Cuando era pequeña me llevaba a mi hermana y a mí a jugar a las cartas o jugábamos en el salón. Hace poco me permití quitarle un trofeo de la estantería y guardarlo en una de esas cajas que guardan todo lo que nos da miedo recordar. Jugaba muy bien, era una reina. Ella era mejor que cualquier carta que hubiese sobre la mesa. Pero lo mejor no era eso. En realidad no sé qué era lo mejor. 
Otras veces se sentaba con sus amigas en los bancos del parque que ha cambiado tantas veces y yo me asomaba al balcón y me saludaba. Dios, no me acordaba de eso. Me saludaba y me sonreía y entonces yo le devolvía el saludo y me hacía feliz y bajaba al parque y hablaba con todas ellas. Se reían de mi acento, siempre igual. Pero me gustaba, me encantaba. Creo que daría cualquier cosa por volver allí. Pero lo que jamás olvidaré, y remarco el jamás, es cuando volvíamos a ese parque y ella llevaba su diábolo. Mi hermana y yo nos moríamos de la envidia. Nunca se entrelazaba con la cuerda y volaba tan alto que tocaba las nubes. Os lo juro, yo lo he visto. Yo he visto cómo lo lanzaba hacia arriba y tardaba mucho en volver a bajar. Como si estuviese buscando su hueco por allí arriba, por el techo azul. Pero volvía, el diábolo siempre volvía. Mi hermana y yo no sabíamos, probablemente ella sabía algo más. A mí siempre se me escapaba, se caía, nunca volvía conmigo pero yo siempre iba hacia él. Es curioso, un día ella decidió que sería mejor tirar el diábolo y subir con él y no bajar. Creo que quiso volar tan alto, tan alto, tan alto que se quedó colgada de las nubes o del cielo o de la Luna, no lo sé. Hizo bien, por aquí no quedamos muchos. 

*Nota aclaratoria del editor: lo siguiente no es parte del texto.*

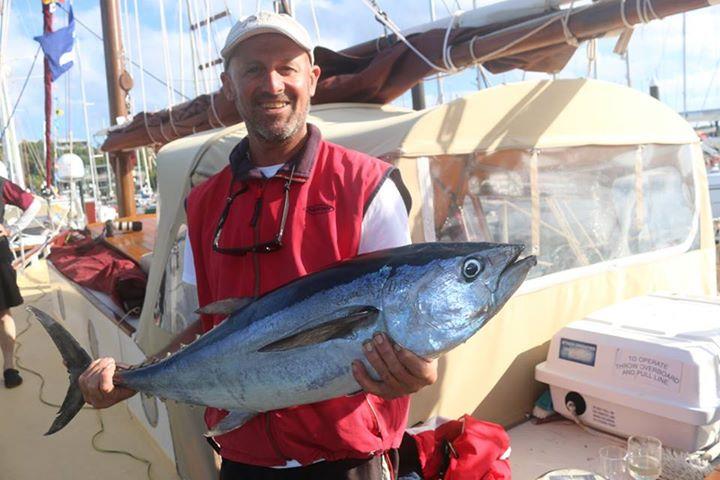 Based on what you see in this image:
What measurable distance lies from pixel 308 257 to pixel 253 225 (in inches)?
8.7

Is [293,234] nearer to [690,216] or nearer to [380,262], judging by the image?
[380,262]

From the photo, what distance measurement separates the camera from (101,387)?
1.90 m

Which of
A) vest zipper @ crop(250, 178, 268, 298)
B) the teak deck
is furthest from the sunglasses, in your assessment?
the teak deck

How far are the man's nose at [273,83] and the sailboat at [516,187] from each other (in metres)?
1.19

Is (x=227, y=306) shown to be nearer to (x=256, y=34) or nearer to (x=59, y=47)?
(x=256, y=34)

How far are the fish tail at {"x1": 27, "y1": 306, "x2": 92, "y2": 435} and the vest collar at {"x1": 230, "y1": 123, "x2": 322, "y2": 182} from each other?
0.83 meters

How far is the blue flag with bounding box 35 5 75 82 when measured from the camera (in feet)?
33.9

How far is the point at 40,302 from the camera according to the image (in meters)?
8.78

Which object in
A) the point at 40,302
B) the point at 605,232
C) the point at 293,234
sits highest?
the point at 293,234

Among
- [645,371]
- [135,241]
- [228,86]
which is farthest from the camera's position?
[135,241]

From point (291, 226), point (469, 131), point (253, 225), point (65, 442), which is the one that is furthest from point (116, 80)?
point (291, 226)

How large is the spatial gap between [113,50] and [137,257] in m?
5.27

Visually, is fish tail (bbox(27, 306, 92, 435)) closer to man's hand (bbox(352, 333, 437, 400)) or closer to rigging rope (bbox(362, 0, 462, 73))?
man's hand (bbox(352, 333, 437, 400))

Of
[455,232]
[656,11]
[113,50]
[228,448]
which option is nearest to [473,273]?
[228,448] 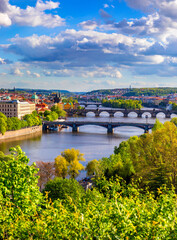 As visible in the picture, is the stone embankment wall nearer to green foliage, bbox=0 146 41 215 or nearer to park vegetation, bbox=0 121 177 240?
park vegetation, bbox=0 121 177 240

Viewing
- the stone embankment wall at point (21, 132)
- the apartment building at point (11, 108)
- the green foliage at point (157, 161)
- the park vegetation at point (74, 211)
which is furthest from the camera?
the apartment building at point (11, 108)

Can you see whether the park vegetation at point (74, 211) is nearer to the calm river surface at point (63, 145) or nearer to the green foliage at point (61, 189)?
the green foliage at point (61, 189)

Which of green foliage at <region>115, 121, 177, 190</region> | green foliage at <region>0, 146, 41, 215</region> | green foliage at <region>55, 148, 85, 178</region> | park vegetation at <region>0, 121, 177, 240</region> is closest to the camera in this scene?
park vegetation at <region>0, 121, 177, 240</region>

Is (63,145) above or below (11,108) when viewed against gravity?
below

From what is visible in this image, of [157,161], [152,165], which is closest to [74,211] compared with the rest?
[157,161]

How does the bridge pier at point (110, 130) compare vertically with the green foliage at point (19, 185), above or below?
below

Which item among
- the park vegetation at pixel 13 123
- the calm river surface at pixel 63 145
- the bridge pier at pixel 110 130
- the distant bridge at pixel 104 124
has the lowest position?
the calm river surface at pixel 63 145

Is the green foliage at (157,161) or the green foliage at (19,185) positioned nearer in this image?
the green foliage at (19,185)

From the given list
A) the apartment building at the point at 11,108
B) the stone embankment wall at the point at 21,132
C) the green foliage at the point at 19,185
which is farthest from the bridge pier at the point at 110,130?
the green foliage at the point at 19,185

Y la comida, bendita sea. Nos sentábamos a la mesa y olía... cómo olía. Quiero volver a oler todo eso, se me hacía la boca agua. Yo siempre repetía, siempre. Y por las noches me hacía un vaso de leche, antes de dormir. Con galletas, las galletas que no falten. Mi madre me ha contado alguna vez que cuando estaba en el hospital y no quería dormir siempre pedía un vaso de leche con galletas, siempre. Yo de mayor también quiero ser así, que esa rutina nunca me falle, por favor. Cuando me tocaba dormir sola siempre me moría de miedo, de verdad. No podía dormir, tenía pánico y me ponía a llorar y la despertaba y yo sé que más de una vez me quiso matar. Entonces, tan buena como siempre, se enfadaba y se venía conmigo a la cama. Y se metía en mi cama y yo sentía cómo respiraba y su olor y no sé qué más. Lo que yo os diga: una reina. Y al tenerla tan cerca me tranquilizaba y me quedaba completamente dormida y poco más. Eso sí, la bronca me la llevaba pero dormíamos juntas y luego llegaba mi madre y ya está. 

Y bueno, poco más. Creo que a veces tengo el día tan azul que duele.